Depuis trois ans, le Brésil vit au rythme du scandale Petrobas et des affaires de détournement de fonds publics et de corruption touchant sa classe politique. Une centaine d’élus font l’objet de soupçons, dont l’ancien président Lula, Dilma Rousseff, qui lui avait succédé en 2011. L’actuel chef de l’État, Michel Temer, n’est pas épargné non plus puisqu’il fait l’objet d’une enquête pour « corruption passive », « obstruction à la justice » et « participation à une organisation criminelle ». Rien que ça.

Aussi, au regard des sommes en jeu, les achats d’armes destinées à moderniser les forces armées brésiliennes font l’objet d’une attention toute particulière. En 2015, la justice avait ouvert une enquête sur des possibles d’irrégularités concernant le contrat des 36 avions Gripen E/F. Et, en décembre dernier, l’ex-président Lula a été accusé par le parquet fédéral brésilien d’avoir usé de son influence pour favoriser le dossier du constructeur suédois Saab.

Visiblement, à en croire des informations du Parisien, le contrat des avions Gripen n’est pas le seul à intéresser la justice puisqu’une enquête préliminaire pour « corruption d’agents étrangers » aurait été ouverte à Paris, en octobre 2016, par le Parquet national financier (PNF) sur des faits présumés de corruption concernant la vente de 5 sous-marins au Brésil, en décembre 2008.

À l’époque, alors que beaucoup d’analystes vantaient ses excellentes perspectives économiques comme d’autres vendent de la « poudre de perlimpimpin », le Brésil affichait la volonté de devenir une puissance de rang mondial. Pour cela, il lui fallait parvenir à une certaine autonomie militaire et industrielle. Et la France, soucieuse d’accroître son influence en Amérique du Sud, proposa ses bons offices, avec le lancement par le président Chirac, en 2006, d’un partenariat stratégique.

Cette orientation ne fut pas remise en cause par le président Sarkozy. Bien au contraire. Le 23 décembre 2008, lors du sommet bilatéral de Rio, un plan d’actions entre la France et le Brésil fut adopté, de même que de nombreux accords, dont la vente de 50 hélicoptères Caracal et de 5 sous-marins d’attaque, dont un à propulsion nucléaire (programme PROSUB), le tout étant assorti de transferts technologiques conséquents. Le montant total de ces ventes de matériels militaires s’élevait alors à 8,6 milliards d’euros.

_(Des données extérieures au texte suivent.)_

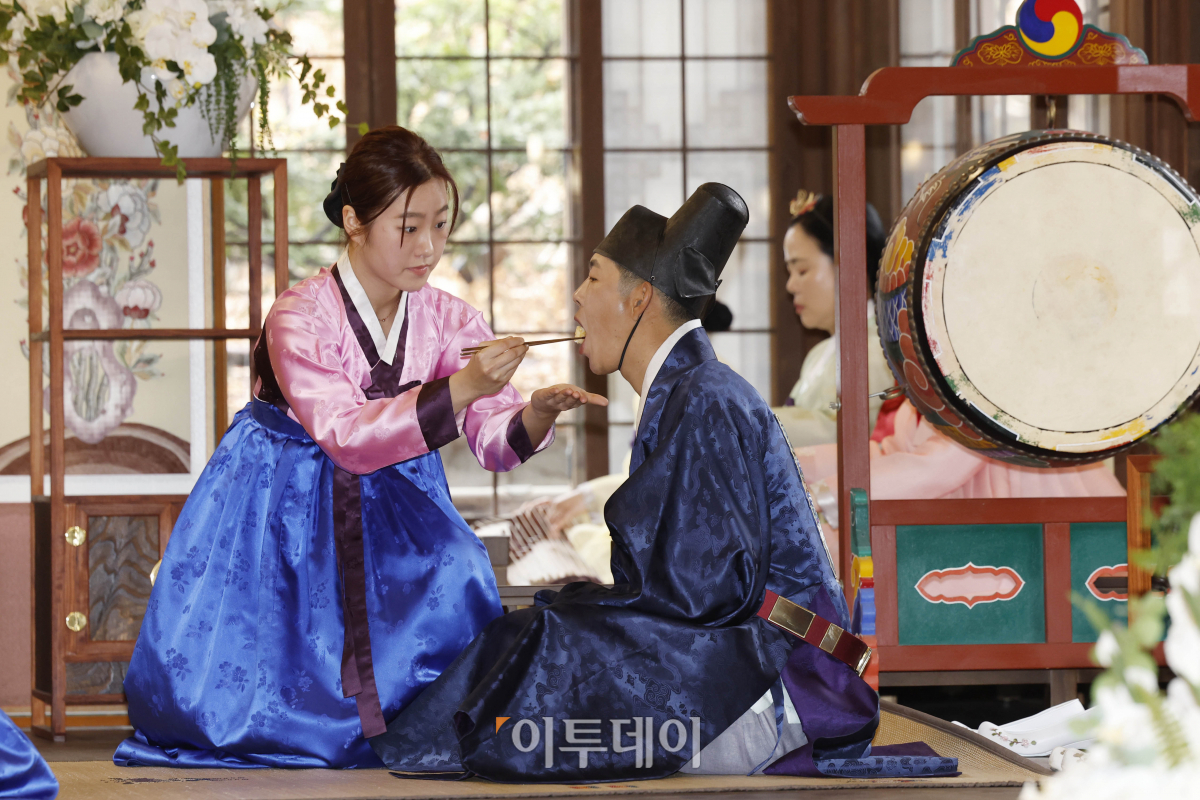 ▲25일 서울 중구 한국의집에서 새터민 출신 박효심·이일덕 부부가 전통혼례를 올리고 있다. 이날 열린 사회적 배려 대상자를 위한 전통혼례·돌잔치 지원 사업은 문화재청과 한국문화재재단이 사회적 배려 대상자의 결혼 및 돌잔치 기회 제공을 통해 전통문화 향유 가치 확산·사회적 격차 해소 등의 국가 유산 복지를 실현하고자 하는 취지로 기획되었다. 사업은 4월 15일부터 11월 4일까지 매주 진행된다. 조현호 기자 hyunho@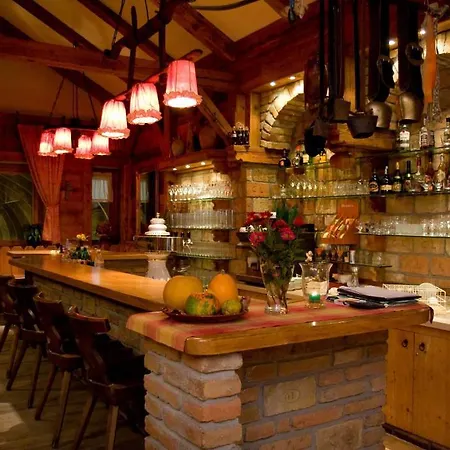 فندق Hetkuti Wellness Es Lovaspark Mór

Le contrat des sous-marins a-t-il donné lieu à des paiements de pots-de-vin et de rétrocommissions? C’est ce que chercherait donc à vérifier le PNF. La semaine passée, Mme le procureur national financier, Eliane Houlette et le patron de l’office central de lutte contre la corruption et les infractions financières et fiscales (OCLIFF) ont fait le déplacement au Brésil pour évoquer ce dossier avec leurs homologues. Et cela a donné lieu à un communiqué diffusé par Rodrigo Jano, le procureur général de la République brésilienne.

L’ouverture de cette enquête préliminaire concernant le contrat des sous-marins brésiliens a été confirmée à l’AFP par une source « proche du dossier ». L’enjeu, explique Le Parisien, serait de vérifier si des « pots-de-vins n’ont pas été versés pour décrocher ce marché » et « si l’opération n’a pas ensuite donné lieu au versement de rétro-commissions. »

De côté, le constructeur naval DCNS s’est défendu de toute corruption et dit « respecter partout dans le monde scrupuleusement les règles de droit. » Seulement, le partenaire brésilien du constructeur naval français, le géant du BTP Odebrecht, concerné par l’affaire Petrobras, est accusé de truquer des marchés publics en versant systématiquement des dessous-de-table à des responsables politiques.

Cela étant, le versement de pots de vins pour remporter le contrat PROSUB serait surprenant. Certes, le marché des sous-marins à propulsion conventionnelle, comme les Scorpène vendus au Brésil, est concurrentiel… Encore que, à l’époque, il ne l’était pas autant qu’aujourd’hui, les constructeurs japonais Mitsubishi Heavy Industries et Kawasaki Shipbuilding Corporation étant hors-jeu et le chantier naval suédois Kockums étant une filiale de l’allemand TKMS.

Mais la promesse des transferts de technologie concernant la construction du premier sous-marin brésilien à propulsion nucléaire était suffisant pour remporter la mise, étant donné que les rares pays disposant d’une telle capacité n’entendent généralement pas partager leurs secrets industriels en la matière.

La marine brésilienne espère pouvoir mettre en service son premier sous-marin nucléaire d’attaque – le SN Álvaro Alberto (SN-10) – vers 2025.